|M.Sc Student||Jigalin Anton|
|Subject||Vision-Based Relative State Estimation of Unknown Dynamic|
Targets Using Multiple Stereo Rigs
|Department||Department of Mechanical Engineering||Supervisor||Professor Pinchas Gurfil|
|Full Thesis text|
Estimating the pose, motion and structure of cooperative targets using on board sensors is a challenging problem; the problem becomes even more challenging when the target is non-cooperative. The absence of a priori information about the target and cross-link data sharing encourages one to look for the best possible approximation of the target's pose, motion and structure. One method for non-cooperative target state estimation is to use vision sensors, which provide extensive measurement data, and can be used to acquire information in a passive manner.
This work investigates the use of multiple stereo-vision sensors for both cooperative and non-cooperative target relative pose, motion and structure estimation. A computer-vision feature-matching algorithm produces input data for a recursive filtering algorithm, which provides relative state estimation.
A newly-developed initialization step and the proposed target structure estimation technique decrease the ambiguity in the target center of mass location. The effectiveness of the proposed filtering scheme is compared to the theoretical limitations predicted by the Cramer-Rao theory.

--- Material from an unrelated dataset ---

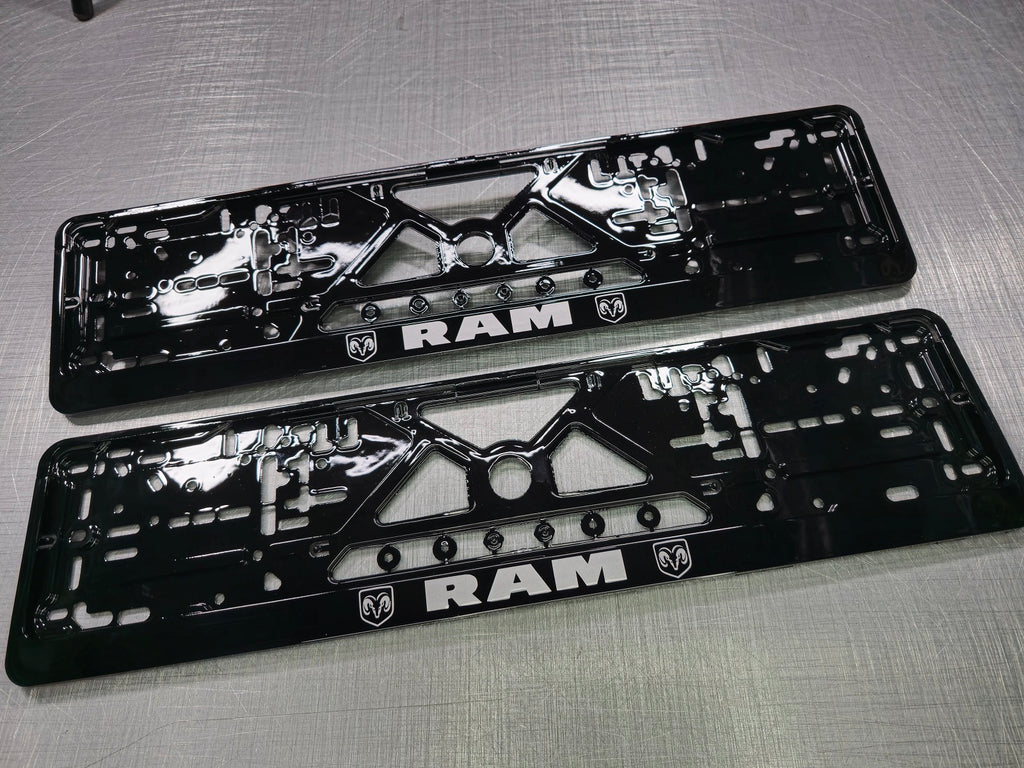 Dodge RAM car number plate holder frame surround carbon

This work also provides an extensive numerical study of possible system parameters, comparing between two filtering techniques and different relative motion models. The performance of the estimation algorithm is evaluated by Monte-Carlo simulations. The estimation accuracy of the iterated extended Kalman filter is compared to the unscented Kalman filter. It is also shown that a simple kinematic model can work well, when combined with frequent measurements. The effect of the position and number of cameras constituting the stereo rigs is also investigated. The proposed method was validated using robotic devices in the Distributed Space Systems Laboratory.